> What you will do: Below are entries; write every one of them out again exactly.

[Items listed in a dataset]
Start of Block
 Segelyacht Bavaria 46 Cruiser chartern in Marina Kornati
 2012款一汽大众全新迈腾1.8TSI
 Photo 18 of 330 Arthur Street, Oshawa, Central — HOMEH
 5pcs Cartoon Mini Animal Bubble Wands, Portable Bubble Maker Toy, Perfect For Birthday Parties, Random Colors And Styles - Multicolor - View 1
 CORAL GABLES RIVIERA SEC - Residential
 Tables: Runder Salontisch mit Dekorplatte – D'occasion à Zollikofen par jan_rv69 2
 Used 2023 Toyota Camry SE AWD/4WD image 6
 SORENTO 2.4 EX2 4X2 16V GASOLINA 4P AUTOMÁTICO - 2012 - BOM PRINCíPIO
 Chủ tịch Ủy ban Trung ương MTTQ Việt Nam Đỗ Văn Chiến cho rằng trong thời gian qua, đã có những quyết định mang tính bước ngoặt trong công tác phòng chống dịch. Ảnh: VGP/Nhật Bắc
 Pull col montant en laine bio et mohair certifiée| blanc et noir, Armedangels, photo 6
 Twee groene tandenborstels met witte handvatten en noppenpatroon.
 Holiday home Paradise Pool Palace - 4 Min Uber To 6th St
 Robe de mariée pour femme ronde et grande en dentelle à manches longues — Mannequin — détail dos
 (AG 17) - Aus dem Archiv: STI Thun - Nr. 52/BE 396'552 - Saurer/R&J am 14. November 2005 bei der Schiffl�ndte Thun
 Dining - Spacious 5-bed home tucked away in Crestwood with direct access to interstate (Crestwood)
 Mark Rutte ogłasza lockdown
End of Block
> Result below:
 Segelyacht Bavaria 46 Cruiser chartern in Marina Kornati
 2012款一汽大众全新迈腾1.8TSI
 Photo 18 of 330 Arthur Street, Oshawa, Central — HOMEH
 5pcs Cartoon Mini Animal Bubble Wands, Portable Bubble Maker Toy, Perfect For Birthday Parties, Random Colors And Styles - Multicolor - View 1
 CORAL GABLES RIVIERA SEC - Residential
 Tables: Runder Salontisch mit Dekorplatte – D'occasion à Zollikofen par jan_rv69 2
 Used 2023 Toyota Camry SE AWD/4WD image 6
 SORENTO 2.4 EX2 4X2 16V GASOLINA 4P AUTOMÁTICO - 2012 - BOM PRINCíPIO
 Chủ tịch Ủy ban Trung ương MTTQ Việt Nam Đỗ Văn Chiến cho rằng trong thời gian qua, đã có những quyết định mang tính bước ngoặt trong công tác phòng chống dịch. Ảnh: VGP/Nhật Bắc
 Pull col montant en laine bio et mohair certifiée| blanc et noir, Armedangels, photo 6
 Twee groene tandenborstels met witte handvatten en noppenpatroon.
 Holiday home Paradise Pool Palace - 4 Min Uber To 6th St
 Robe de mariée pour femme ronde et grande en dentelle à manches longues — Mannequin — détail dos
 (AG 17) - Aus dem Archiv: STI Thun - Nr. 52/BE 396'552 - Saurer/R&J am 14. November 2005 bei der Schiffl�ndte Thun
 Dining - Spacious 5-bed home tucked away in Crestwood with direct access to interstate (Crestwood)
 Mark Rutte ogłasza lockdown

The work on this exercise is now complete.